* [WHAT IS EXPECTED] Nothing is to be output except the lines from the one containing "this 640×480 image." through the end of the material, each reproduced exactly.

* [INFORMATION GIVEN]
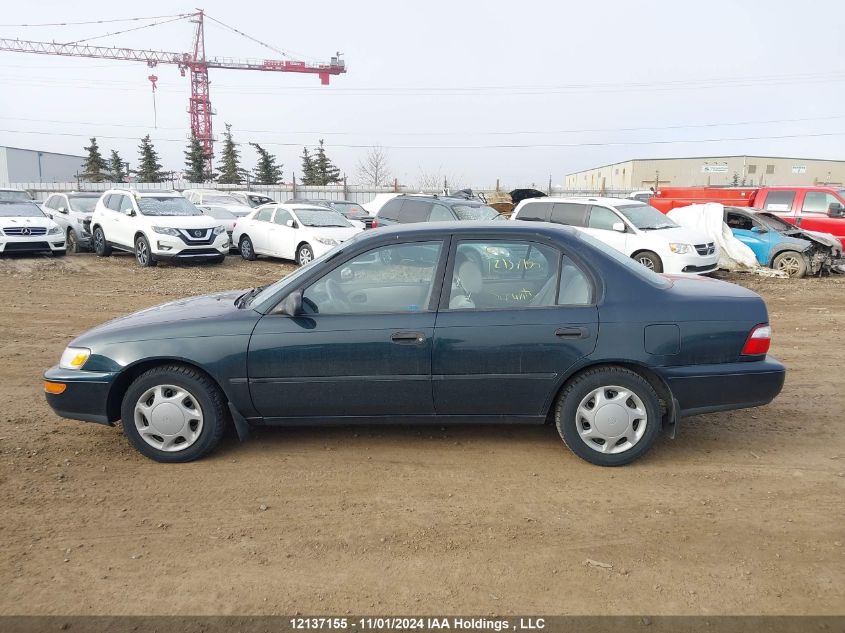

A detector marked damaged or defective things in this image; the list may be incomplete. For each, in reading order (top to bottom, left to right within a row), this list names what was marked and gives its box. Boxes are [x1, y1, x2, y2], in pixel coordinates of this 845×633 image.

blue damaged car [44, 221, 784, 464]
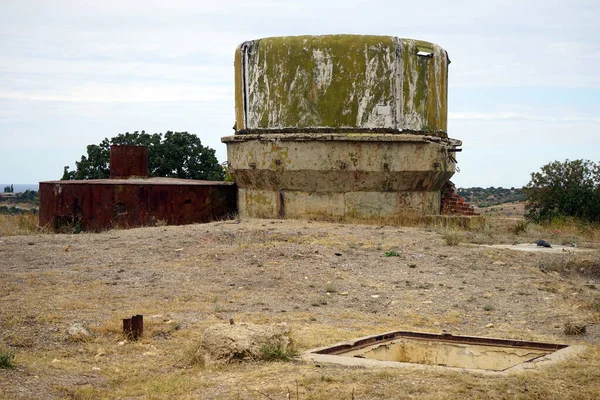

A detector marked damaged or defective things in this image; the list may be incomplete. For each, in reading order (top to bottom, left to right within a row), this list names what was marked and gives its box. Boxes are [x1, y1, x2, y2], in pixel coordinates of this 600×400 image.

rusty metal tank [223, 34, 462, 220]
rusty metal post [110, 145, 149, 177]
rust-stained metal wall [39, 178, 237, 231]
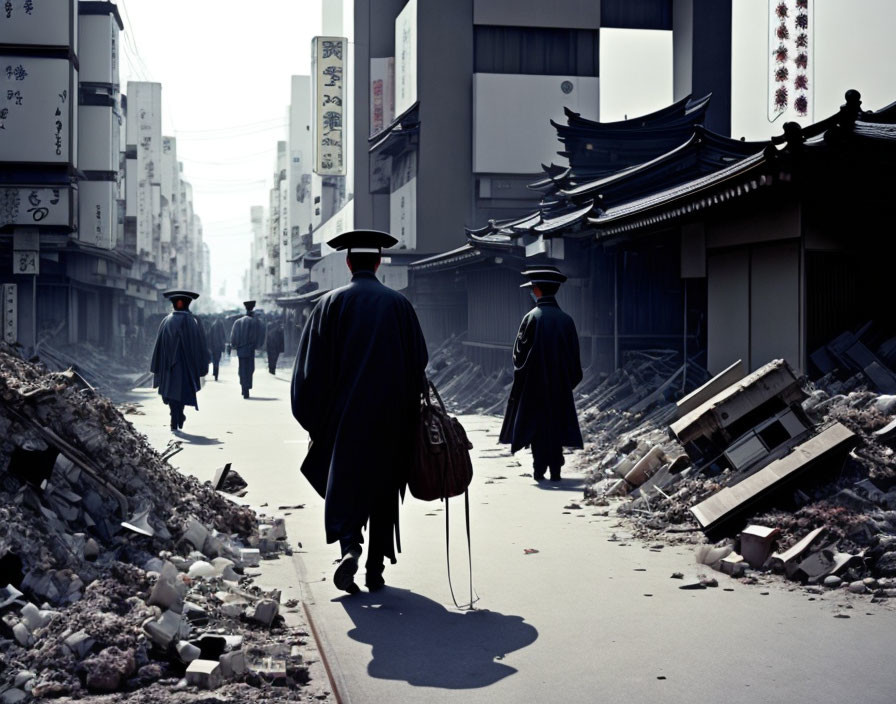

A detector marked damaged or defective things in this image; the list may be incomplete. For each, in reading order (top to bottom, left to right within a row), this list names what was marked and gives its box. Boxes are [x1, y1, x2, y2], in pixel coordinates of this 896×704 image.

broken building facade [0, 2, 208, 358]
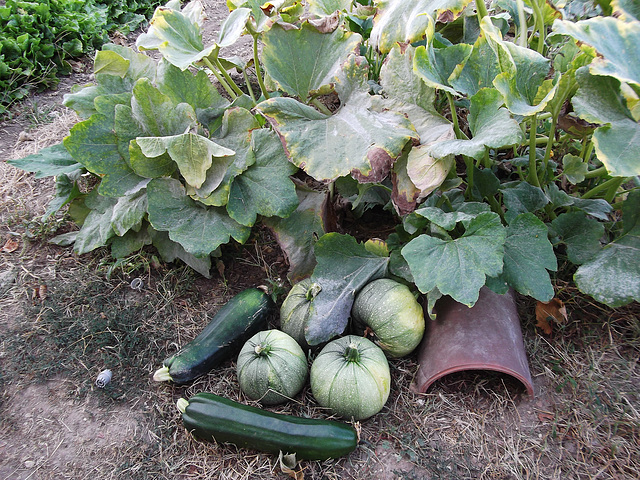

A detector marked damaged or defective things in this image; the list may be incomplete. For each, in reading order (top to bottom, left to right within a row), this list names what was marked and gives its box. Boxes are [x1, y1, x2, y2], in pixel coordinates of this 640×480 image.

broken terracotta pot [410, 286, 536, 396]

* [TASK RESULT]
A detector marked damaged or defective things in this image; the list may be incomplete. For each, in reading order (top to bottom, left to right within a row), this list names what was marked and gives its box. Boxes are [x1, y1, x2, y2], in pixel coordinates of this 640×480 image.

broken terracotta pot [410, 286, 536, 396]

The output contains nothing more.